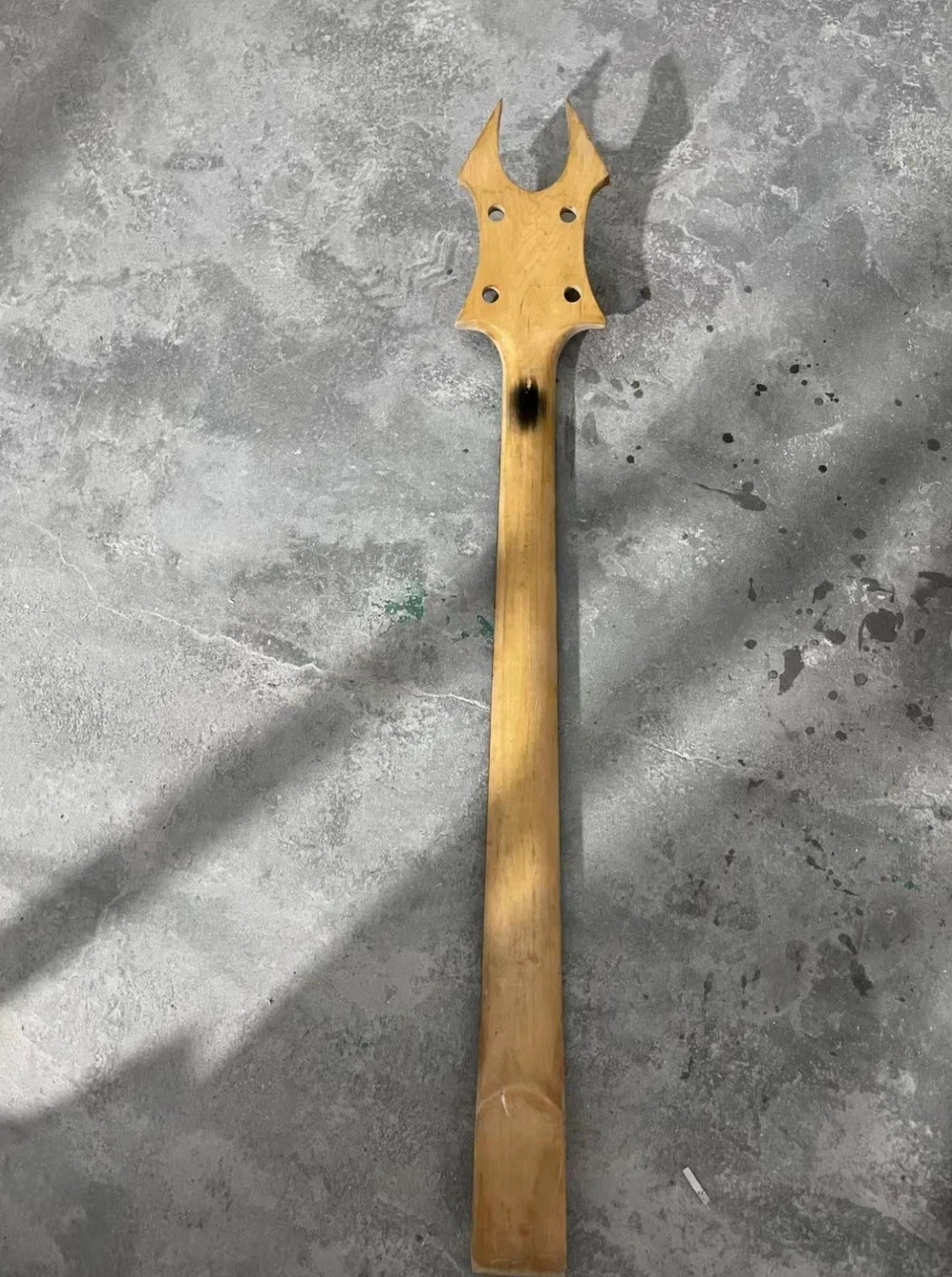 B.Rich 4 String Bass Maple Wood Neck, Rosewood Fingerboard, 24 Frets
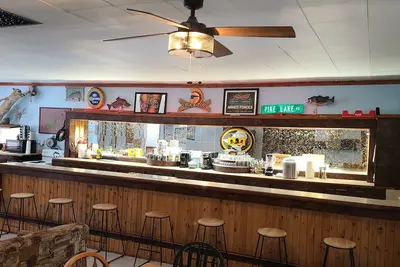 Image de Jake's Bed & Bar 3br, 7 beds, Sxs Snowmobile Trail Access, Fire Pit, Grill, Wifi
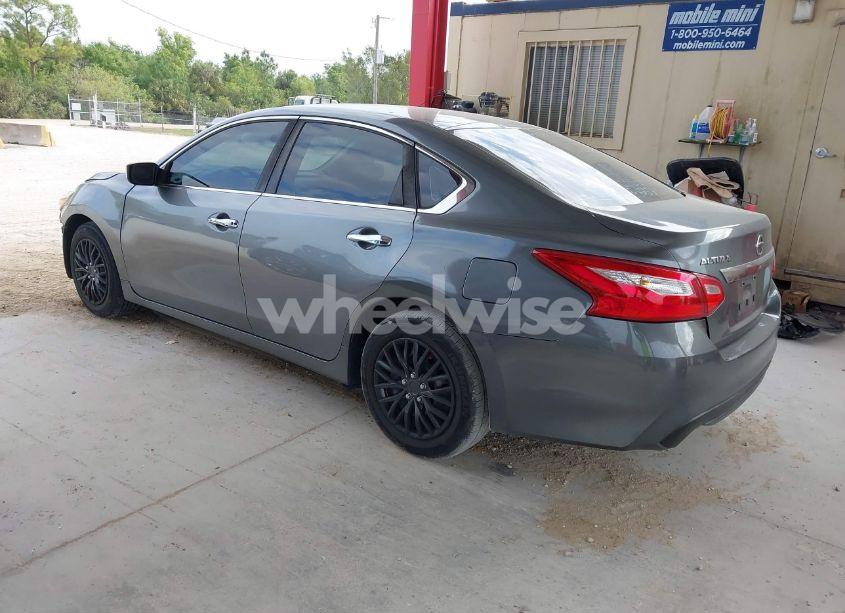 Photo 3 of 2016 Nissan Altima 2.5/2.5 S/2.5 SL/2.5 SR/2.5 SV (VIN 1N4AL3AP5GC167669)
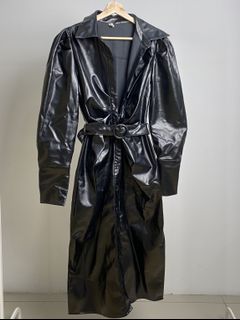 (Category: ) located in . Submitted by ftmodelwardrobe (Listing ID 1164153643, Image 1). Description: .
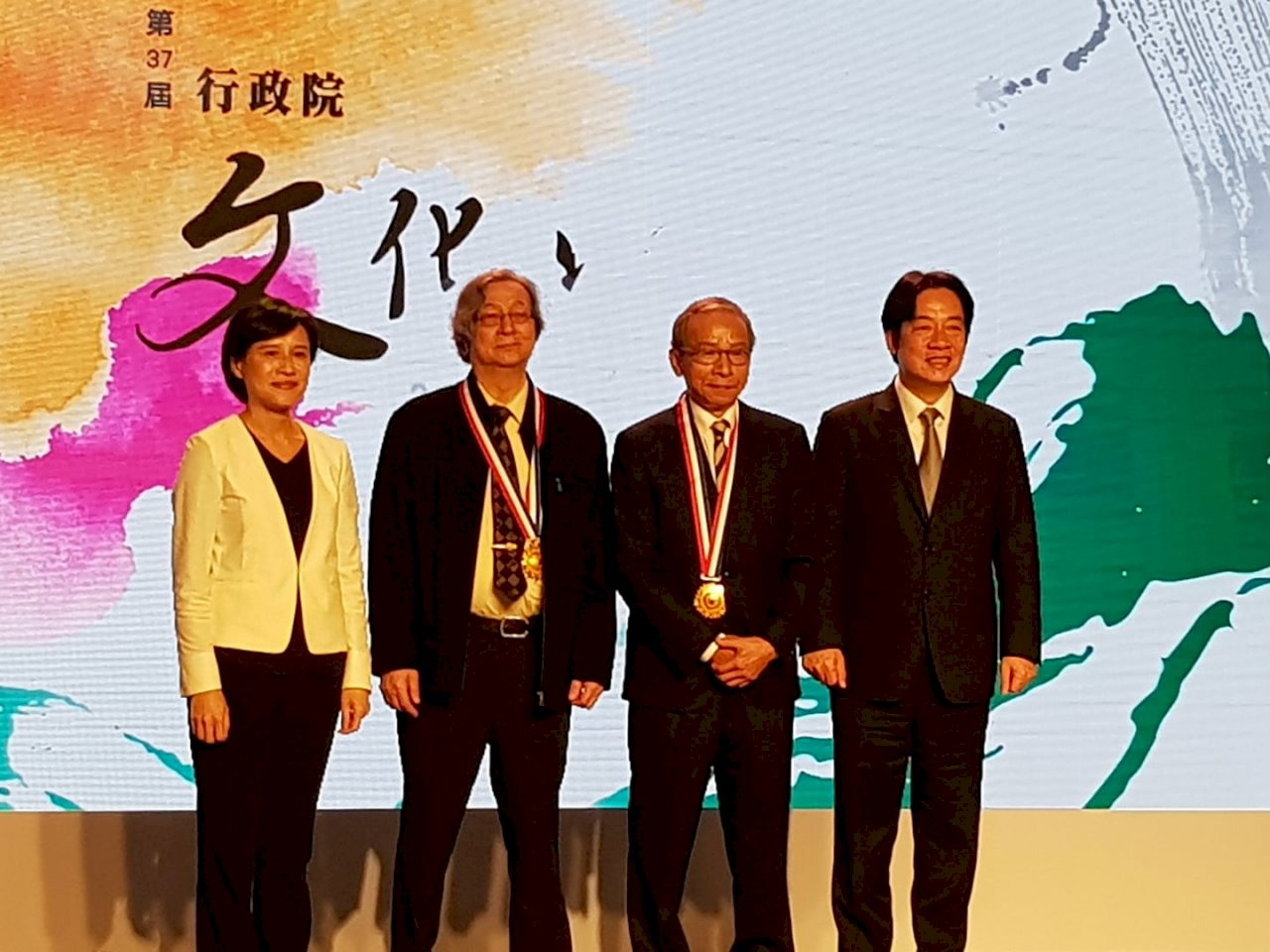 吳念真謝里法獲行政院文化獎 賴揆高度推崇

____

* EXERCISE PROMPT:
Set each line of the records down again exactly as it reads. Omit the pictures.

* COMPLETED TASK:
 B.Rich 4 String Bass Maple Wood Neck, Rosewood Fingerboard, 24 Frets
 Image de Jake's Bed & Bar 3br, 7 beds, Sxs Snowmobile Trail Access, Fire Pit, Grill, Wifi
 Photo 3 of 2016 Nissan Altima 2.5/2.5 S/2.5 SL/2.5 SR/2.5 SV (VIN 1N4AL3AP5GC167669)
 (Category: ) located in . Submitted by ftmodelwardrobe (Listing ID 1164153643, Image 1). Description: .
 吳念真謝里法獲行政院文化獎 賴揆高度推崇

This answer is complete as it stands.